The finial two bits of the puzzle

27 views
Skip to first unread message

Eric Merritt

unread,
Mar 15, 2012, 12:47:46 PM3/15/12
to Tim Watson, erlware-...@googlegroups.com
Tim,

I think the final two bits we need to work out here are blob storage
and making sure we dont have to pull down all the binaries when we do
a pull. The other is the metadata in one file.

On blobs,

I have done a bit of research and I cant figure out how to pull down
only certain subdirectories/repo parts. I think it might be possible
to do it below the git api layer, that is but implementing parts of
git or using library to interact directly with the server, I could be
very wrong there though. Going down into the deeps might be acceptable
but it makes me nervous.

On metadata in a single file.

The only negative that I can bring on this is that you loose the
ability to introspect whats in the library trivially with ls or tree.
That is in the multiple file version I can ls the organizations
directory and see all the orgs in the repo. In the single file model
we need to implement introspection in the tool. I am not at all sure
this is a benefit and so something to worry about.

Eric

Tim Watson

unread,
Mar 16, 2012, 8:11:35 AM3/16/12
to Eric Merritt, erlware-...@googlegroups.com
On 15 Mar 2012, at 16:47, Eric Merritt wrote:

Tim,

I think the final two bits we need to work out here are blob storage
and making sure we dont have to pull down all the binaries when we do
a pull. The other is the metadata in one file.

On blobs,

I have done a bit of research and I cant figure out how to pull down
only certain subdirectories/repo parts. I think it might be possible
to do it below the git api layer, that is but implementing parts of
git or using library to interact directly with the server, I could be
very wrong there though. Going down into the deeps might be acceptable
but it makes me nervous.


I don't actually know why we have to make this 'pure git only' for a first release, as I thought we were going to suck up being tied to github initially. In the 'tied to github' case, you can find and download individual blobs easily using the github REST api.

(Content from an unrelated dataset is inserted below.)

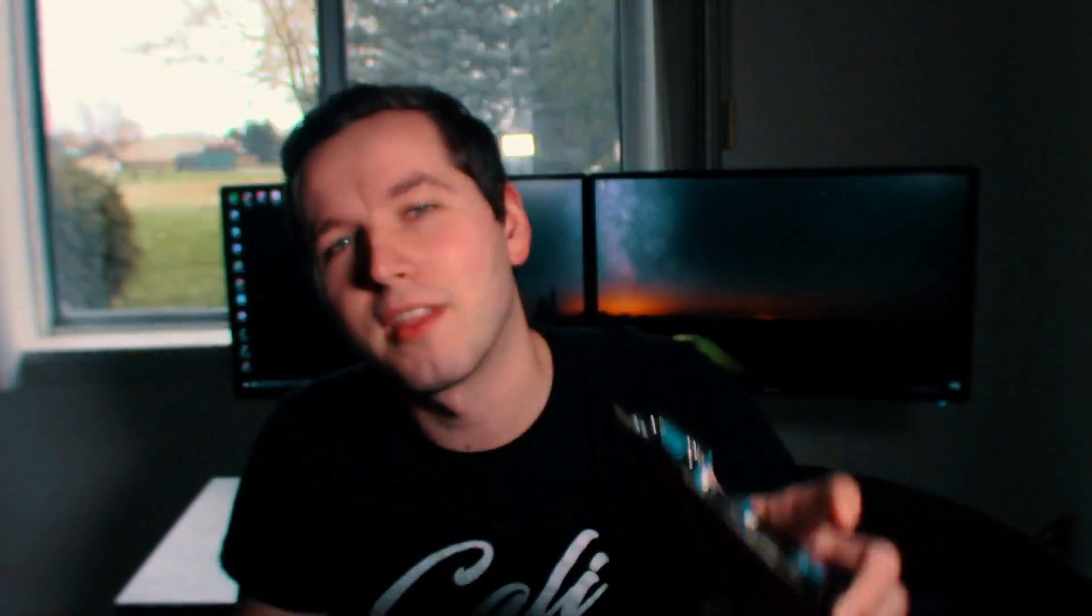In order to accomplish this project your FPGA development board needs to have a VGA connector like this one. Or if your FPGA development board does not have a VGA connector on board you can purchase it separately online and I'll leave the link in the description below.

This is possible using pure git anyway, I think. Looking at http://progit.org/book/ch9-6.html I can see that there are ways to introspect the commit history against branches and tags and to download specific bundles of data. If we keep the index in the master branch, then I think we can do something like the following when a new artefact+version is added:

- add the organisation/artefact/version data to the index in branch 'master' and commit
- create and checkout a branch for the organisation/artefact/version that is being published: 'git co -b os_env-0.0.1' 
- delete the index from this branch
- add the physical folder structure and zip/tar/ez data for the artefact to the file system (within the branch), add to git and commit: `mkir nebularis/os_env/0.0.1 && git add <folder> && git ci -m "publish <details"'
- create an annotated tag named for the artefact+version: 'git tag -a pub-os_env-0.0.1 -m "Publish os_env-0.0.1"
- push the changes to the remote repository: 'git push origin os_env-0.0.1 --tags'
- go back and checkout the master branch and push the updated index: 'git co master && git push origin' 

Now when a client wants the index or a specific release of something, they can either use HTTP and download from github using the API *or* if we want to be pure git, then we should be able to do this by finding either the SHA for the current HEAD on master branch (which contains the index) or looking for a specific tag:

t4@malachi:tmp $ ssh -x g...@github.com "git-receive-pack 'hyperthunk/gitfoo.git'"
00725fcf7c6e0e54324bb7d9564d9998a5937640cde9 refs/heads/master report-status delete-refs side-band-64k ofs-delta
00455fd50ae1a78496cc2159c51a94302697da07d760 refs/heads/os_env-0.0.1
00485fd50ae1a78496cc2159c51a94302697da07d760 refs/tags/lib-os_env-0.0.1
0000

I haven't finished figuring out how the rest of this interaction goes, but based on that chapter of the pro-git book and poking around in the man pages for 5 mins, I get the impression that with a combination of this and the fetch-pack/git-upload-pack commands, it should be possible to obtain the index and pack file (containing the data) for just one SHA - 00485fd50ae1a78496cc2159c51a94302697da07d760 clearly contains *only* the pack data for the tag, and the tag was built from a branch where we

* deleted the index
* added the specific artefact/version __only__

So the pack file should contain *only* the data we want for os_env-0.0.1 and nothing else. Managing this on the client shouldn't be terrible, as there is an ssh capability in OTP - although I suspect we may fall fowl of deliberate github API limitations if we're not careful. Also the publication (locally into your own organisation repo) shouldn't be too difficult, as it's just a matter of branching, tagging and a bit of file system manipulation, plus a 'git push' when you're ready to make the changes public.

On metadata in a single file.

The only negative that I can bring on this is that you loose the
ability to introspect whats in the library trivially with ls or tree.
That is in the multiple file version I can ls the organizations
directory and see all the orgs in the repo. In the single file model
we need to implement introspection in the tool. I am not at all sure
this is a benefit and so something to worry about.


Ok fair enough, I can go with your point of view here and actually I agree with your point about discovery and introspection being much easier. Based on what I've said above about the use of low level git commands, we'll be able to checkout the master branch with the complete index at will, pulling only the index metadata without the published binaries. The individual binaries will be accessible separately using the low level git commands and these can be stored either in a parallel location or whatever. 

Eric

Eric Merritt

unread,
Mar 16, 2012, 10:21:51 AM3/16/12
to Tim Watson, erlware-...@googlegroups.com
On Fri, Mar 16, 2012 at 7:11 AM, Tim Watson <watson....@gmail.com> wrote:
> I don't actually know why we have to make this 'pure git only' for a first
> release, as I thought we were going to suck up being tied to github
> initially. In the 'tied to github' case, you can find and download
> individual blobs easily using the github REST api.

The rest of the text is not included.